Ce que je cherchais : à quelle fréquence les fameux listicles apparaissent-ils comme références pour les réponses de ChatGPT ?
Pour les logiciels, j’ai examiné des requêtes telles que « meilleur logiciel CRM pour les entreprises » et « meilleur logiciel de gestion de projet ».
Pour les produits, j’ai analysé des requêtes telles que « meilleure montre d’entrée de gamme » et « meilleur tapis de course pour la maison ».
Dans la catégorie des agences, j’ai examiné les termes liés aux agences SEO, réseaux sociaux, publicité, autour de l’image de marque, du marketing général et de la conception de sites web…
En matière de SEO traditionnel, on estime que ces termes font l’objet de centaines de milliers de recherches par mois.
Cela dit, il est probable que les termes saisis par les utilisateurs sur Google ne reflètent pas parfaitement ce qui est saisi sur une plateforme de réponses générées par IA (LLM). Malheureusement, les plateformes d’IA ne fournissent pas directement ces données.
J’ai donc testé des requêtes à la fois simples et descriptives dans ces secteurs et n’ai constaté que peu, voire aucun « écart » supplémentaire par rapport au suivi des mêmes requêtes. J’ai approfondi ce sujet dans notre analyse complémentaire ci-dessous, et j’ai l’intention d’y partager d’autres résultats de recherche dans un avenir proche.
Il est également probable qu’un pourcentage notable de recommandations résulte d’une conversation comportant plusieurs requêtes, plutôt que d’une seule requête.
C’est pourquoi je ne me suis pas penché sur les marques les plus recommandées ni sur les domaines les plus cités dans l’ensemble, mais plutôt sur les types de contenus provenant de ces sites.
L’autre objectif de cette étude est d’établir une sorte de benchmark de ce que nous observons de manière générale, auquel nous pourrons nous comparer et nous améliorer au fil du temps.
Note : Pour plus de détails sur cette étude et sa méthodologie, j’ai créé un Google Doc complémentaire dans lequel je partage les enseignements tirés et des pistes de réflexion pour de futures recherches, sur la base de mes conclusions.
Le tableau en dessous présente les types de pages les plus courants que nous avons recensé dans les trois catégories expliquées dans la méthodo : Logiciel, Agence, Produit.
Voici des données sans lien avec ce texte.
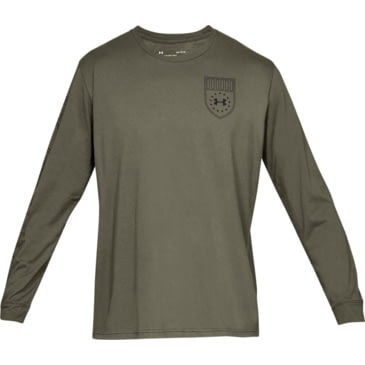 under armour green long sleeve shirt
Il inclut à la fois les mentions « auto-promo » et les mentions « par des tiers ».

La plupart des types de pages que nous avons analysés devraient être évidents, mais pour les plus importants d’entre eux, voici quelques précisions supplémentaires :
- Listicle : une liste de recommandations présentée sous forme d’article de blog, comme cet article intitulé « Top 16 des outils GEO pour apparaître sur ChatGPT » rédigé par notre collègue Juliette Begue
- Liste hors blog : des plateformes comme G2 (logiciels) ou Clutch (agences), qui classent les recommandations sans pour autant adopter le format d’un article de blog
- Page d’accueil : des pages générales présentant, par exemple, un service spécifique proposé par une agence ou un marché pour lequel une entreprise SaaS propose une solution. Par exemple, cette page de Siege Media indiquant qu’elle propose des services de conception web.
- Réseaux sociaux : cela englobe des sites tels que Reddit, Quora, Facebook, Instagram et LinkedIn.
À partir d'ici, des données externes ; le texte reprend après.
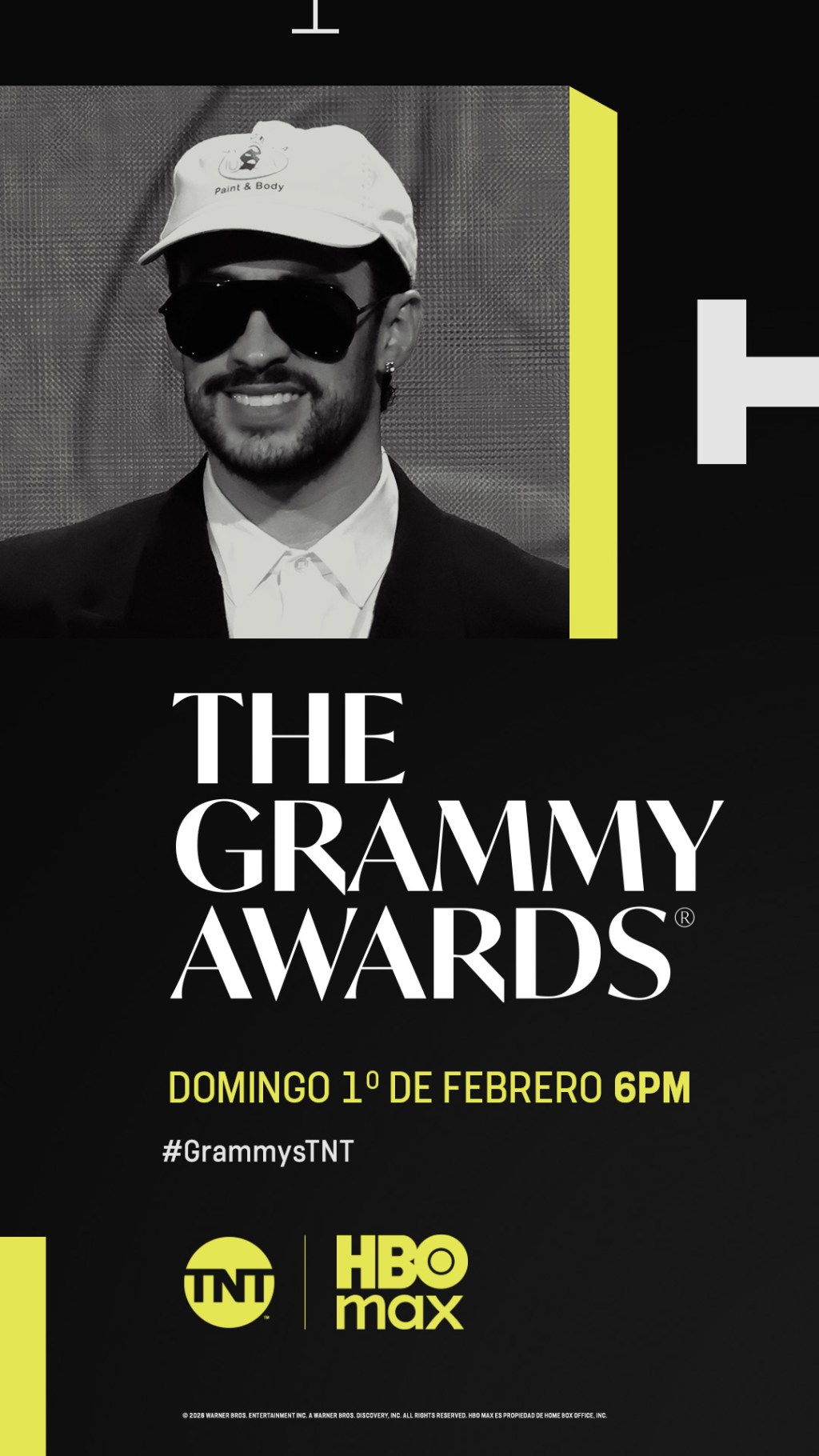 Noticias: ESTE DOMINGO, DISFRUTA DE LA 68ª ENTREGA ANUAL DE LOS GRAMMYS EN VIVO EN TNT Y HBO&nbsp;MAX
Les liens peuvent apparaître directement dans les recommandations ou sous forme de liens vers les sources, qui ont été utilisés pour la recherche mais nécessitent un clic supplémentaire pour être consultés.
Chaque mention provenant de la source elle-même a été classée manuellement.
Pour les mentions provenant de tiers, totalisant plus de 10 000 URL individuelles, nous avons utilisé une approche semi-automatisée.
Nous avons mis en place des dizaines de filtres manuels pour améliorer la précision. Par exemple, le sous-domaine learn.g2.com héberge des types de contenu très différents des pages de catégories G2 standard.
Quant aux URL restantes, nous les avons classées à l’aide du modèle GPT-5 d’OpenAI, en lui fournissant des instructions personnalisées.
Enfin, nous avons pris le temps de passer en revue chaque groupe d’URL et d’améliorer le balisage lorsque cela s’avérait nécessaire, même si nous étions satisfaits de 95 % des résultats obtenus initialement.
Dans certaines catégories, on observe un changement net quant au type de page le plus mis en avant. Les pages d’atterrissage sont souvent citées lorsqu’on recherche le meilleur logiciel ou la meilleure agence, mais apparaissent rarement lors de recherches sur des produits.
Les articles de blog généraux publiés sur les sites web de produits ont obtenu de bien meilleurs résultats que ceux consacrés aux recommandations de logiciels et d’agences.
Pour chacune des catégories concernées, nous avons sélectionné 250 articles listicles parmi les réponses de ChatGPT (750 au total) afin de déterminer à quelle place figurait une marque spécifique lorsque cette liste était utilisée comme source.
Tout ce travail a été effectué manuellement, car l’automatisation n’aurait pas été aussi précise. Par exemple, de nombreuses listes indiquent un certain nombre d’éléments, alors qu’elles en contiennent souvent davantage et n’ont tout simplement pas mis à jour leur titre ou leur en-tête.
L’automatisation permettant de déterminer où une marque figure dans une liste peut s’avérer encore plus complexe. D’autant plus que ces listes ne se présentent pas toujours sous la forme d’une liste claire avec des rubriques numérotées.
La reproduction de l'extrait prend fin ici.